Bright Asare-Bediako et al. Adv Sci (Weinh). 2026 Mar.

Abstract

Using micro-computed tomography, we identified a network of skull channels in the calvarium of type 2 diabetic (T2D) mice that remained structurally intact and numerically stable despite long-standing disease. The retention of calvaria bone marrow structural integrity was associated with preserved hematopoietic capacity under chronic diabetic conditions, which was not observed in the bone marrow of long bones. A distinctive feature of the calvarial bone marrow compartment was its direct exposure to cerebrospinal fluid (CSF), a property not shared by tibial bone marrow.
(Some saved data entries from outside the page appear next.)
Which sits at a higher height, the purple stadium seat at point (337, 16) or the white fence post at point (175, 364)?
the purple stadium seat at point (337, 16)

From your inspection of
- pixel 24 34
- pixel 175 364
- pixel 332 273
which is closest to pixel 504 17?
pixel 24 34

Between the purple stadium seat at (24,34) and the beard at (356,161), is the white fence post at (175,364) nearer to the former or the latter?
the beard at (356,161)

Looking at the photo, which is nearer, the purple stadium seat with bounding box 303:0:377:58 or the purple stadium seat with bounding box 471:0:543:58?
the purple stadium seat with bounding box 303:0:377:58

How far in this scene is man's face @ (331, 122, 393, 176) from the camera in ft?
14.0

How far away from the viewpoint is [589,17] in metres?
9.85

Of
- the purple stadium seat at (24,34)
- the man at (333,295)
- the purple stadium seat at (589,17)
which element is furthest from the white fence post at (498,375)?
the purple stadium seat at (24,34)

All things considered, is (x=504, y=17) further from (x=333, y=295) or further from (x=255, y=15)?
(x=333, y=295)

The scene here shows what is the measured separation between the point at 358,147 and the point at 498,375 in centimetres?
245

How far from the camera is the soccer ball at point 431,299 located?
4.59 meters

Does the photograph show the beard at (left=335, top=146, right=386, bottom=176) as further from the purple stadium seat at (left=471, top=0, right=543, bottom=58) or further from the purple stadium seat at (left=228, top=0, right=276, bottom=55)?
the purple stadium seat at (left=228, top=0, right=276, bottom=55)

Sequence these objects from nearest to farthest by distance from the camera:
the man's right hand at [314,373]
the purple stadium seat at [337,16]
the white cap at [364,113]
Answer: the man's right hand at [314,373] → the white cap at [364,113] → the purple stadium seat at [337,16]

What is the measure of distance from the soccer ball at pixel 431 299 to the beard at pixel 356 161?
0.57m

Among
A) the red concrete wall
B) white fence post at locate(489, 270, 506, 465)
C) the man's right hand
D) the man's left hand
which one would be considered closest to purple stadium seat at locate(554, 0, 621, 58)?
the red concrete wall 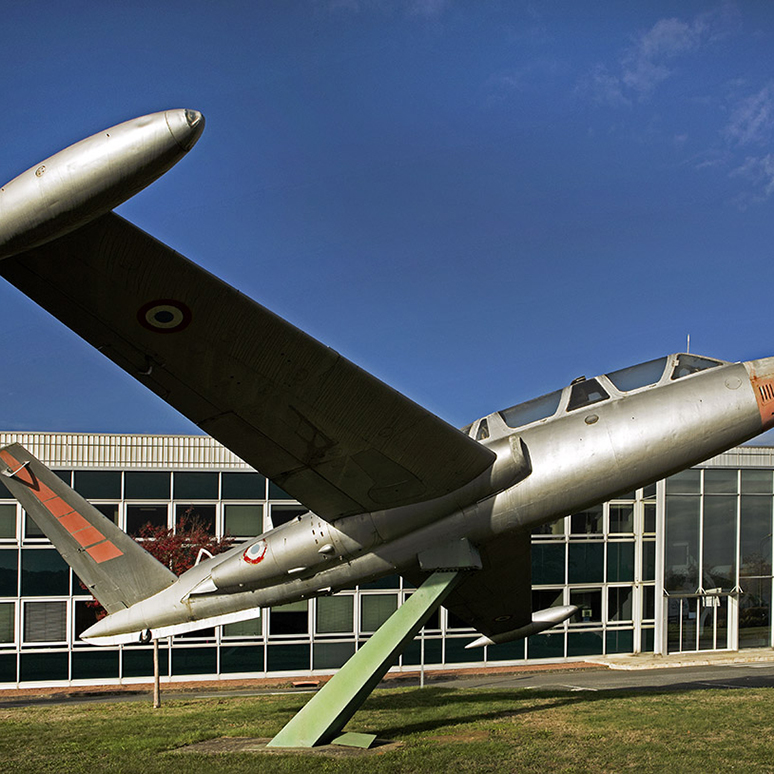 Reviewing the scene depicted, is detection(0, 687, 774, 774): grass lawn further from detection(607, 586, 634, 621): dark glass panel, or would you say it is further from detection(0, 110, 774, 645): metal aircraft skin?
detection(607, 586, 634, 621): dark glass panel

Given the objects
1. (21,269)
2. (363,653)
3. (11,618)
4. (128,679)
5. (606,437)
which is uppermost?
(21,269)

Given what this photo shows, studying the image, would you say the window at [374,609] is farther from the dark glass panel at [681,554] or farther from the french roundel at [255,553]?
the french roundel at [255,553]

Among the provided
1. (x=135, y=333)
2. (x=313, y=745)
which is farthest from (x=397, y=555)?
(x=135, y=333)

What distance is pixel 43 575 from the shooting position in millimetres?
28516

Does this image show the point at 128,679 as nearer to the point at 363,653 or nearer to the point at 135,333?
the point at 363,653

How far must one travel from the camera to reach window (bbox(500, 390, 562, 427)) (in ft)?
38.2

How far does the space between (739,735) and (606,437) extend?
4.77m

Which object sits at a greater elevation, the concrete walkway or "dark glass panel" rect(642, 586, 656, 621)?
"dark glass panel" rect(642, 586, 656, 621)

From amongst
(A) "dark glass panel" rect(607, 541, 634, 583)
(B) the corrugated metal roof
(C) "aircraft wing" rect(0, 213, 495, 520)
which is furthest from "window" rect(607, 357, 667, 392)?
(A) "dark glass panel" rect(607, 541, 634, 583)

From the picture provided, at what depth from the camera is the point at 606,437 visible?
35.5ft

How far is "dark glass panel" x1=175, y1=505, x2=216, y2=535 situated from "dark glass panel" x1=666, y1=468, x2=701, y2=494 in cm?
1974

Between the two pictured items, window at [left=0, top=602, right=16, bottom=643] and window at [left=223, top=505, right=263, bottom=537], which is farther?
window at [left=223, top=505, right=263, bottom=537]

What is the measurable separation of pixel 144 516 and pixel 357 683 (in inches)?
810

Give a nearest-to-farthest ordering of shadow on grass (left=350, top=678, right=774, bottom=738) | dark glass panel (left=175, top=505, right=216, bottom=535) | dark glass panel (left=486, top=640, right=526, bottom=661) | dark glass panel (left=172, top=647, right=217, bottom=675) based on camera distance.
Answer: shadow on grass (left=350, top=678, right=774, bottom=738) < dark glass panel (left=172, top=647, right=217, bottom=675) < dark glass panel (left=175, top=505, right=216, bottom=535) < dark glass panel (left=486, top=640, right=526, bottom=661)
To characterize the biochemical environment of the murine calvarium, we profiled oxysterols in CSF using mass spectrometry. The CSF exhibited elevated levels of neurotrophic and anti-inflammatory oxysterols, including 22-hydroxycholesterol (22-OHC) and 27-hydroxycholesterol (27-OHC). To assess whether this protective oxysterol signature was conserved in humans, we analyzed CSF samples from diabetic and non-diabetic individuals with obesity-associated idiopathic intracranial hypertension (IIH). Human CSF contained 7α-hydroxy-3-oxo-4-cholestenoic acid (7-HOCA), a metabolite of 27-OHC, supporting the conservation of this neuroprotective profile across species. Given the anatomical proximity of the calvarium to the eye, we hypothesized that calvaria bone marrow may serve as a reservoir for immune cells recruited to the injured or infected retina. The calvaria bone marrow was the predominant source of myeloid angiogenic cells (MACs) and neutrophils, mobilizing these cells at levels approximately 20-fold higher than long bones. These findings demonstrate that calvarial bone marrow plays a critical role in retinal immune defense, while maintaining both structural integrity and functional capacity despite chronic T2D.

Keywords: calvarium marrow; ischemia‐reperfusion; long bones; myeloid angiogenic cells; neutrophils; retina; skull; stem/progenitor cells.